Support for MET and MMP10 roles in eosinophilic asthma

medwireNews: MET and MMP10 gene expression are likely to play important roles in the cellular inflammation and airway remodeling associated with submucosal eosinophilia in patients with asthma, researchers report.

Stringent false discovery rate analysis of transcriptomic data from bronchial biopsies of 81 patients with moderate-to-severe asthma from the U-BIOPRED cohort showed that MET and MMP10 were the most differentially expressed genes between 33 patients with high numbers of mucosal eosinophils (9.8 counts/mm2), compared with 48 patients with low numbers (1.1 counts/mm2), being significantly over expressed in the former group.

Indeed, submucosal eosinophil counts were significantly correlated with MET and MMP10 expression, with MET explaining 55% of the variation in eosinophil counts and MMP10 explaining 47%. And when used together, expression of the two proteins classified high bronchial eosinophil inflammation with 85% accuracy.

Under less stringent conditions, Kian Fan Chung (Imperial College London, UK) and co-researchers identified 73 differentially expressed genes that were characteristic of the group with high eosinophil counts, and 33 of these were enriched in key pathways associated with eosinophilic airway inflammation and airway remodeling.

Specifically, from these 33 genes, six functionally relevant annotations were defined, including extracellular matrix (ECM) organization, with MMP10 as its most highly expressed gene, mast cell activation, C–C chemokine receptor binding, circulating immunoglobulin complex, serine proteinase inhibition, and microtubule bundle formation.

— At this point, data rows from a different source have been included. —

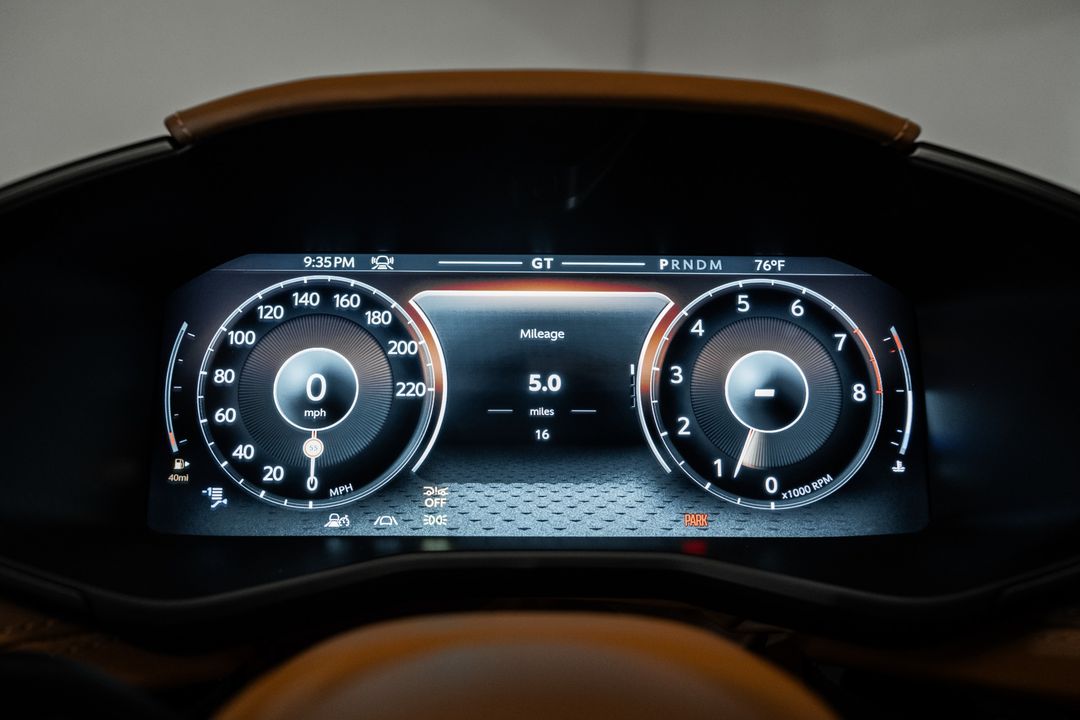 2026 ASTON MARTIN DBX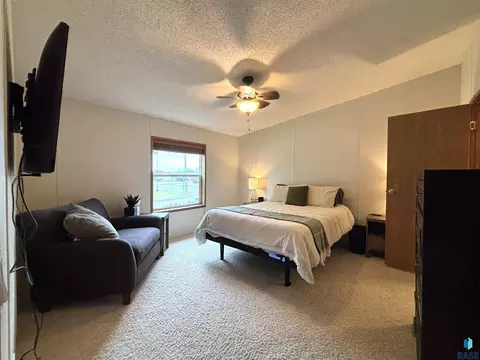120 W 4th Ave, Miller, SD 57362 photo 3
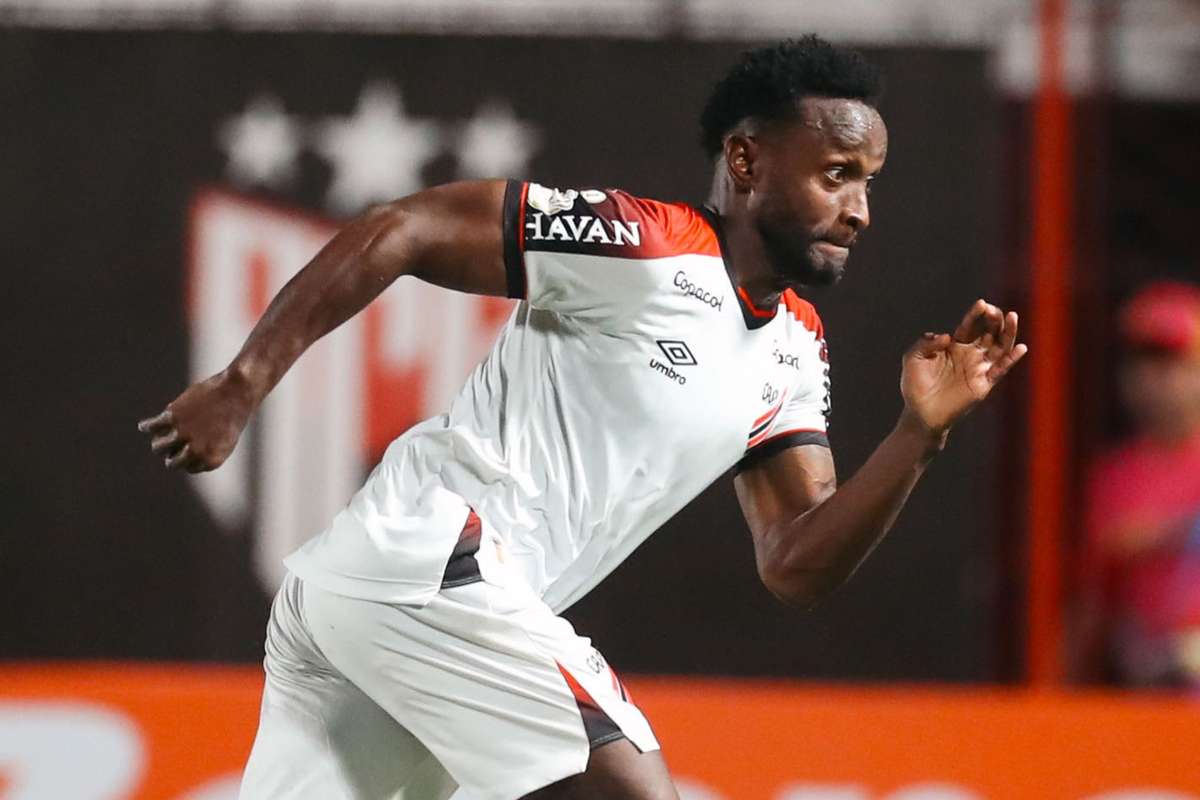Athletico-PR derrota Atlético-GO nos penáltis e avança para as oitavas da Copa do Brasil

“These pathways were associated with eosinophilic airway inflammation, increased blood and tissue macrophages, low systemic C-reactive protein levels, and increased basement membrane thickness”, the team notes in Allergy.

Of the six pathways identified, ECM was a key driver and showed strong associations with both mast cell activation and C–C chemokine receptor binding.

The investigators therefore carried out a transcription factor binding site analysis to explore regulation of the MMP10 and MET genes within the ECM signature. They found that MMP10 and MET gene expression positively correlated with other ECM transcription factors, namely the ETS1 and SOX family proteins, respectively.

Further support for a role of MET and MMP10 in airway remodeling came from immunohistochemical analysis showing significantly higher expression of both proteins in bronchial epithelial cells and in subepithelial inflammatory cells from asthma patients, compared with healthy individuals.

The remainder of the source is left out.